Wilson Phillips – Hold On
Someone Told Her It Was Corny and Would Go Nowhere — It Became the Biggest-Selling Single of 1990
Chynna Phillips had barely made it home when the lyric arrived. Producer Glen Ballard had handed her a cassette — an instrumental track that needed words — and suggested she work on them overnight. She didn’t get through her front door before inspiration struck. The phrase that came to her, standing right there on the threshold, was drawn directly from what she was absorbing in Alcoholics Anonymous: the principle of taking recovery one day at a time, of not looking too far ahead, just holding on. She was in the middle of a destructive relationship and privately battling substance abuse, and the song that emerged from those circumstances was at once deeply personal and radiantly universal. When she returned the next morning and sang the finished lyric for Ballard and the Wilson sisters, they loved it immediately. Not everyone agreed. On another occasion, she played it for a man who told her flatly that it wasn’t going anywhere — that it was, in his estimation, really corny. She later recalled thinking quietly that she hoped he was wrong. Hold On became the best-selling single in the United States in 1990.
Wilson Phillips had been generating curiosity before anyone had heard them play. The group’s pedigree was exceptional even by Los Angeles standards: Carnie and Wendy Wilson are the daughters of Brian Wilson of The Beach Boys, while Chynna Phillips is the daughter of John and Michelle Phillips of The Mamas & the Papas. The three had grown up together in Los Angeles during the 1970s and ’80s, developing their vocal blend naturally — harmonies absorbed as much as learned. When producer Richard Perry introduced them to Glen Ballard in 1989, the collaboration clicked from the outset. Ballard was already a figure of real consequence: he had recently co-written Michael Jackson’s “Man in the Mirror,” a number one hit in 1988, and he would later co-write and produce Alanis Morissette’s Jagged Little Pill. Working at his home studio in Encino, the four of them recorded a four-song demo that included Hold On. That demo immediately set off a bidding war among record labels, and Wilson Phillips signed with SBK Records in 1989.

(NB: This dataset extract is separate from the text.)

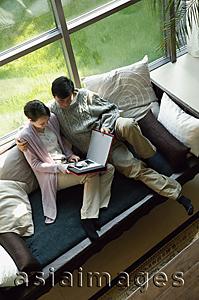 Asia Images Group - Couple at home looking a photo album, high angle view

The group moved to Cherokee Recording Studios on Fairfax in Los Angeles for the full album sessions, with Ballard producing throughout. His approach in the studio reflected a philosophy shaped by his early career under Quincy Jones — bring in the finest musicians available, let them do their thing, then integrate their contributions. The recording of Hold On itself captured the group’s instinctive unity: all three sang their three-part harmony into a single microphone, which was simply how they always worked. The result was a sound that felt simultaneously polished and immediate — lush enough for adult contemporary radio, direct enough to reach anyone. SBK released Hold On in February 1990, a full three months before the debut album, sending the group out on a promotional tour that largely consisted of journalists asking them what it was like to have famous parents.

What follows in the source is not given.